First of all, I'd like to clarify that the normal distribution is
assumed for the set of all execution times matching a queryid; No
assumptions are made about the distribution of the outliers themselves.
The primary goal of this approach was the limitation of plan updates, to
avoid unnecessary IO operations.
When query performance does not vary much, no updates of the plans
should be necessary, but as soon as query performance varies too much,
the new plan should be stored.
For the purpose of distinguishing reasonable variance between execution
times and great variance due to changing conditions which ultimately
might result in a different plan, the assumption of a normal
distribution for all execution times suits well.

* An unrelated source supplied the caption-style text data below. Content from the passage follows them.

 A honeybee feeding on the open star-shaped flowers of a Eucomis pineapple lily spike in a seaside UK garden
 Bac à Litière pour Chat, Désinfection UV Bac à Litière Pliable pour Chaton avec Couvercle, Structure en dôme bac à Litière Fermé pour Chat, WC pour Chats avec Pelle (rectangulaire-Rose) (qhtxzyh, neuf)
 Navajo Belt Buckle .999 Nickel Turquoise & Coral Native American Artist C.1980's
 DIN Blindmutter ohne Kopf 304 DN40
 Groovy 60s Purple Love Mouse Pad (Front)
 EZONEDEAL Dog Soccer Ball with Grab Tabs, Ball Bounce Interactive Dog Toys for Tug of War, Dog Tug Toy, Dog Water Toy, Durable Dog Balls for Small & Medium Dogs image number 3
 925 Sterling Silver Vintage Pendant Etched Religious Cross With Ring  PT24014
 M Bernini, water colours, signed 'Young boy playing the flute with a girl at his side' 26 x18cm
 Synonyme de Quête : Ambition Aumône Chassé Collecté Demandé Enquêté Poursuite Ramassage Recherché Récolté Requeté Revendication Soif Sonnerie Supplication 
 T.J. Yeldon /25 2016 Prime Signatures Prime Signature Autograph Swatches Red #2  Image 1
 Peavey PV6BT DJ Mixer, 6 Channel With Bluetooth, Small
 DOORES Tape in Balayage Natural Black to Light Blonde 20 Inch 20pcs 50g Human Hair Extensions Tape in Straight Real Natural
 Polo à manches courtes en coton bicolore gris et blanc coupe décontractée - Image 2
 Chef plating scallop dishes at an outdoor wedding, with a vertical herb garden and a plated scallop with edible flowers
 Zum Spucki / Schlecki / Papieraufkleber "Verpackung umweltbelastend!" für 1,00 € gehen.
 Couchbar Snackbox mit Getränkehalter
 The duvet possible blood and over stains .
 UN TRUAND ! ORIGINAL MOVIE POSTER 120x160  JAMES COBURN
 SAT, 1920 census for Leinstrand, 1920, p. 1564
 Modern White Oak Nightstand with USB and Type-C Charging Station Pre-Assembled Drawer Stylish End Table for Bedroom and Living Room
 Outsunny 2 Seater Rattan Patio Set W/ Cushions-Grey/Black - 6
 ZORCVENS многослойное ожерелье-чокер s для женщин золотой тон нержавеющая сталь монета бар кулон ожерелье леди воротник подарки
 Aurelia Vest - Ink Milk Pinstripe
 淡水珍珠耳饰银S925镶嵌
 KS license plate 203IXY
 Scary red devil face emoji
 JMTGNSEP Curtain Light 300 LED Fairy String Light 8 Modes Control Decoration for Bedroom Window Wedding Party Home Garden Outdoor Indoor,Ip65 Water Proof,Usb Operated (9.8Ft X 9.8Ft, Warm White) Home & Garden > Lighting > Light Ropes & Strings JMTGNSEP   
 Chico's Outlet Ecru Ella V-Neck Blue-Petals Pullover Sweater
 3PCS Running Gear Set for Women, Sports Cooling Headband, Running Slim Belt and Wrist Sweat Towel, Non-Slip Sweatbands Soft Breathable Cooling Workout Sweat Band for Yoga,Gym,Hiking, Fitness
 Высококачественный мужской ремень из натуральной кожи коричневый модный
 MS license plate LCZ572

Based on some early testing, this results in only a few percent of
updates (1-3%) in relation to the total number of calls, when running
some short pgbench tests.
As the sample size grows, the assumption of a normal distribution
becomes increasingly accurate and the (unnecessary) sampling of plans
decreases.
In a different test, I ran several queries with identical table sizes,
the queries were fairly simple,  and the statistical evaluation led to
few updates during these tests. When I increased the table size
significantly, the database switched to a different plan. Because the
execution time differed significantly, this new bad plan was stored.
Similarly, after running a certain query a couple of times, I created an
index on my test data, which resulted in a speedup which was significant
enough to result in an update of the good plan.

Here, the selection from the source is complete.